I have been running the ‘Cycle to Work’ campaign for about two years now. On Car-Free Day 2018, I launched a platform called ‘Cycle to Work’ which gamified the cycling experience for working people. So when COVID-19 hit, a Tweet that asked what the role of cyclists could be during this pandemic sparked an idea. I reached out to my cycling work group and asked whether we could start delivering supplies for the needy. In no time, we had 80 cyclists delivering essential supplies to the elderly, such as medicines and food. It was a huge success which got us thinking: why can’t we use this opportunity to communicate the role of cycling? We could use this moment, as lockdown ends, to reset the city using the bike.
#ResetWithCycling took off. We discussed the opportunity to relax lockdown rules for cyclists in Bengaluru with the police commissioner, who agreed. This set a momentum into motion. Together with BYCS India, all Indian Bicycle Mayors set about calling upon the national government to create opportunities for cyclists during the pandemic. The government then made recognition that cycling could offer benefits during lockdown.
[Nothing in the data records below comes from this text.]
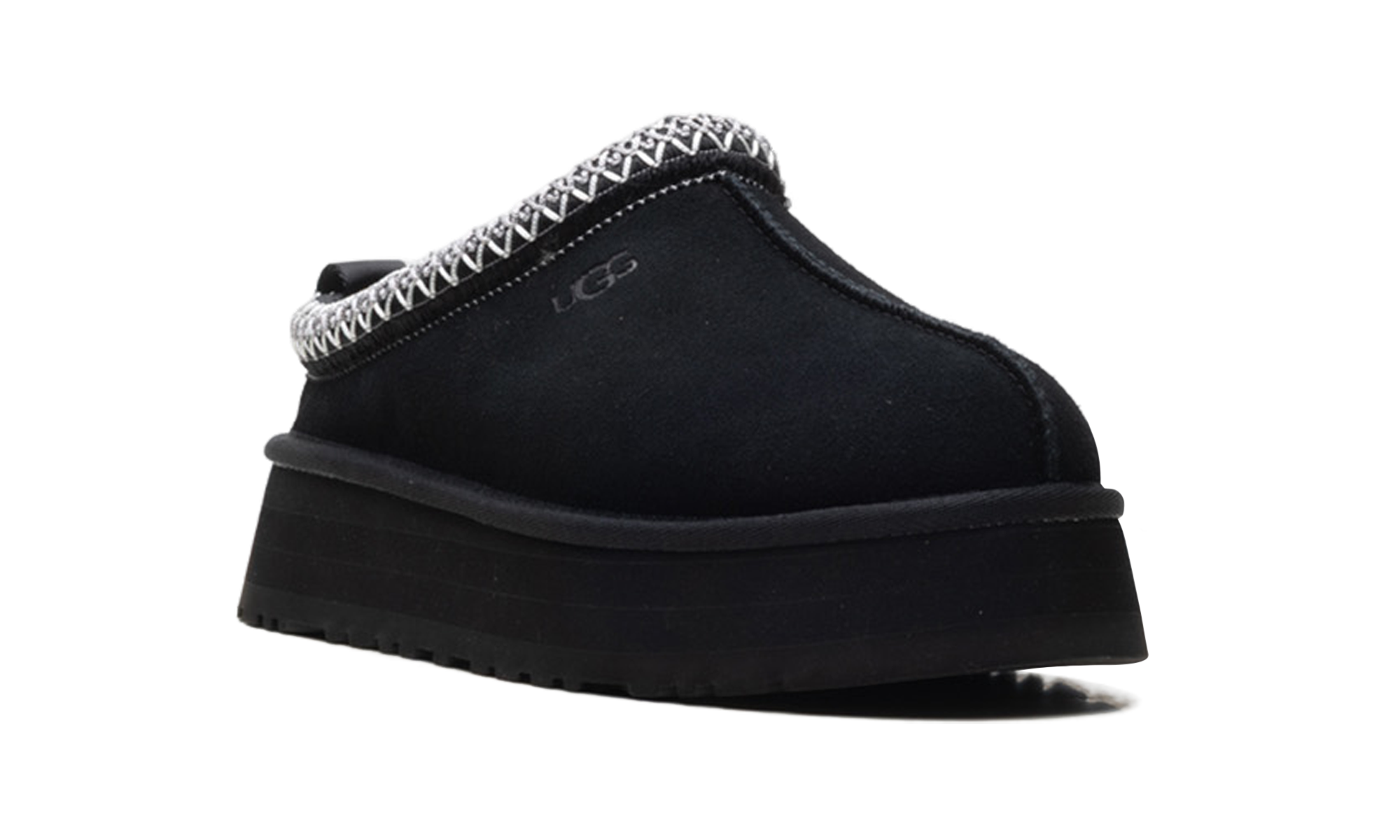 Tazz II Slipper WMNS "Black" 1174471 BLK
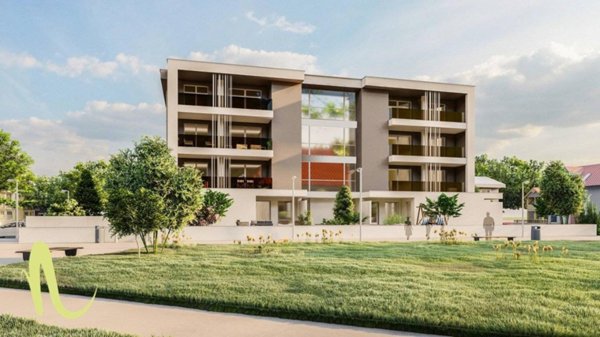 appartamento in vendita a Cesenatico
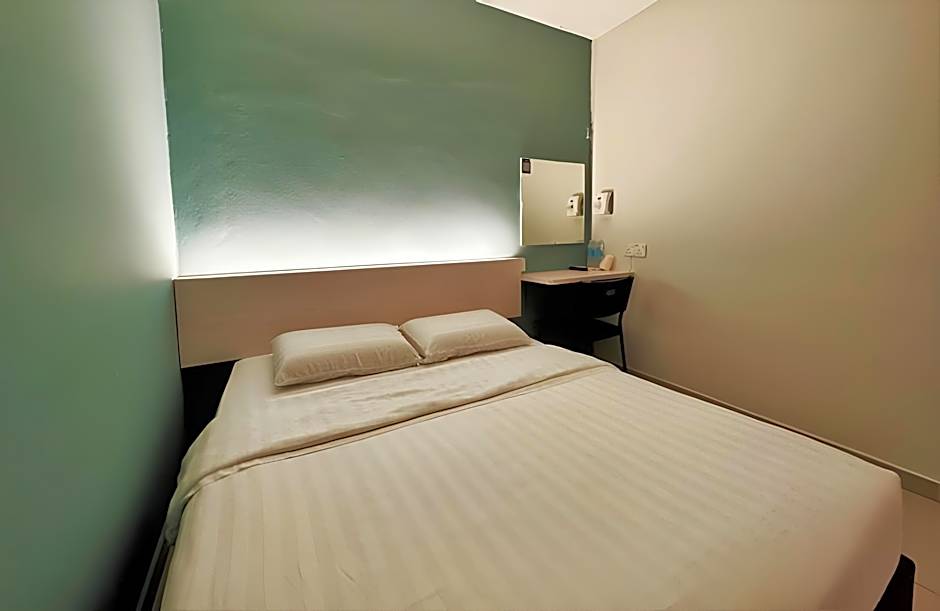 De UPTOWN Hotel @ Damansara Uptown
In that time, the National Smart Cities Commission along with the IDPE adopted the #ResetWithCycling hashtag. As the pandemic gets down to more manageable levels, we want to get people used to cycling as a mode that can offer a better end point for the city. We have been successful so far as leisure cycling increased five fold in the city. Nationwide, stores were running low on bicycle stocks.
As we come out of the worst of the pandemic, do you see the momentum that is driving cycling rates higher as sustainable?
It is very possible. There are certain conflicting imaginations of what the world’s role is in making people run to closed spaces like cars. We need to communicate that closing yourself in cars is not the answer. Instead, open yourself up to the outside world through cycling. I do think the scale has tipped although we are not quite at the tipping point. There has been an elevation in the adoption of cycling, and the noise that is being made around it is definitely making people sit up and pay attention.
Ultimately the politicians know they need to make a change as globally there are targets they are driving in relation to environmental health. However, they are still moving forward in a manner that remains friendly to their constituencies such as big businesses.
What we must consider is the ecosystem around cycling which we have built. We need the bicycle manufacturers, the infrastructure, the cycling communities that provide support. We need that and we need to appeal emotionally to a wide variety of audiences. Whilst I blame politicians as they are accountable for our air quality, I know we need more than the political economy to achieve what we want to achieve. If the majority of people aren’t behind cycling, then the political party may be pushed out of power by its electorate as they pursued unpopular policies. Therefore we need to cultivate an audience that pushes for cycling. It must be a diverse audience that can help us create this cycling ecosystem we need.